El compromiso se anunció como se anuncian las sentencias de muerte:
con sonrisas falsas y copas levantadas.

—Es lo mejor para todos —dijo Alessandro, apoyando su mano en mi hombro—. Marco es un buen hombre. Y es familia.

Familia.
Esa palabra siempre era una excusa para destruir algo.

Asentí. No porque estuviera de acuerdo, sino porque sabía que negarme en público sería peor. Marco besó el dorso de mi mano con delicadeza, orgulloso, como si ya me poseyera.

Busqué a Ezequiel entre la gente.

Lo encontré de inmediato.

Estaba inmóvil, rígido, con el rostro inexpresivo… pero yo lo conocía. Lo conocía demasiado bien. Sus ojos no estaban en Marco ni en mi hermano.

Estaban en mí.

Y ardían.

Esa noche, cuando todos se fueron y la mansión volvió a llenarse de ecos, no pude dormir. El anillo pesaba como plomo en mi dedo desnudo.

Salí al jardín. El aire frío me golpeó la piel.

—No deberías estar sola —dijo una voz detrás de mí.

No me giré.
—Siempre lo estoy.

Sentí sus pasos acercarse. Ezequiel se detuvo a una distancia prudente. Demasiado prudente para todo lo que existía entre nosotros.

—Aún puedes decir que no —murmuró.

Solté una risa amarga.
—¿A quién? ¿A mi hermano? ¿A tu jefe?

Silencio.

—Dime —continué, girándome por fin—, ¿te duele?

Ezequiel apretó los dientes.
—No hagas esto.

—Respóndeme.

Sus ojos se clavaron en los míos.
—Sí.

La confesión fue un disparo directo al pecho.

Mi respiración se volvió errática.
—Entonces mírame bien —dije—. Porque pronto seré de otro.

Ezequiel dio un paso adelante sin pensar.
—No.

—No decides eso.

—No —repitió, más bajo—. No puedo permitirlo.

El aire se volvió eléctrico.
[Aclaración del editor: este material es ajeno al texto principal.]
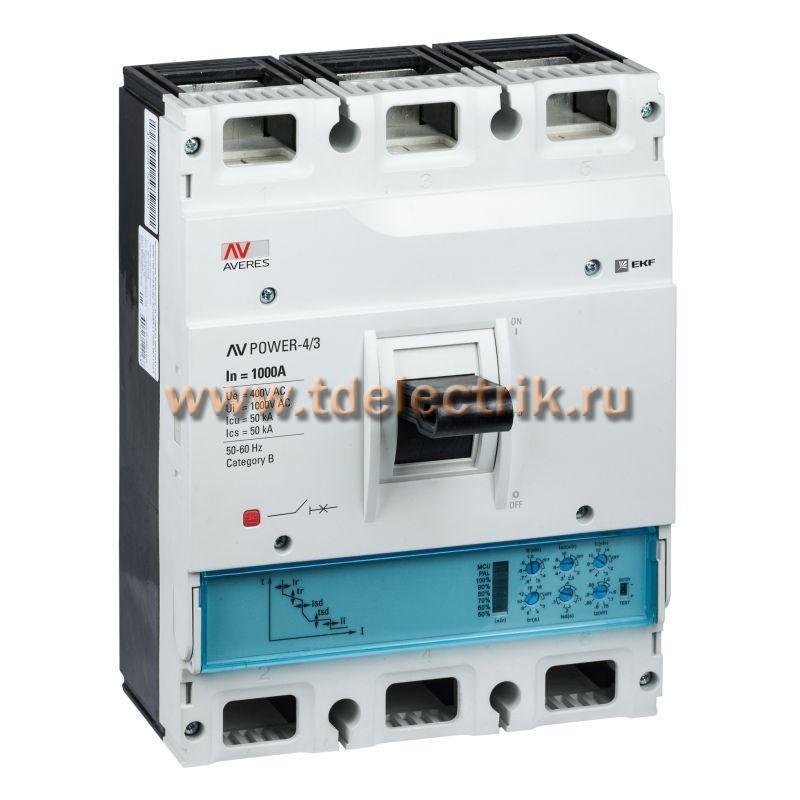 Фотография №1, Автоматический выключатель AV POWER-4/3 1000А 50kA ETU2.2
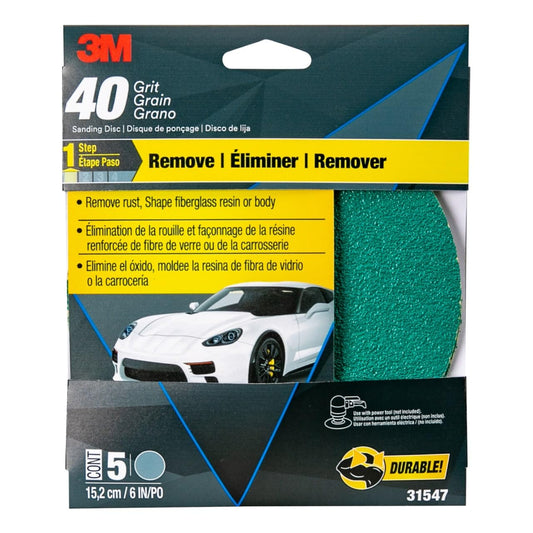 3M 31547 3M Green Corps Sanding Disc with Stikit Attachment, 31547, 6 in, 40Grit, 5 Discs per Pack, 20 Packs per case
Peligroso.

—¿Y qué vas a hacer? —lo desafié—. ¿Matarlo?

Su silencio fue la respuesta más aterradora de todas.

—Vete —susurré—. Antes de que hagas algo que nos condene a los dos.

Ezequiel retrocedió como si le hubiera dado una orden directa al corazón.
—Esto no termina aquí, Valeria.

—Nunca termina —respondí.

Los días siguientes fueron una pesadilla cuidadosamente decorada.

Pruebas de vestidos. Reuniones. Sonrisas. Planes. Marco era atento, correcto… y completamente ajeno a la tormenta que crecía dentro de mí.

Pero Ezequiel estaba en todas partes.

Demasiado cerca.
Demasiado silencioso.

Hasta que ocurrió.

La noche que Marco vino a cenar a solas conmigo, escuché un golpe seco en el pasillo. Luego gritos. Luego sangre.

Salí corriendo.

Marco estaba contra la pared, el labio roto, la camisa manchada de rojo. Y frente a él… Ezequiel .

—¿Estás loco? —grité.

Ezequiel respiraba agitado.
—Aléjate de ella —le dijo a Marco—. O la próxima vez no me detendré.

Alessandro apareció segundos después.

Y cuando vio la escena, su rostro se oscureció.

—Ezequiel —dijo con voz glacial—. A mi oficina. Ahora.

Supe, en ese instante, que todo había cambiado.

Que Ezequiel había cruzado la línea definitiva.

Y que mi amor por él acababa de firmar su sentencia.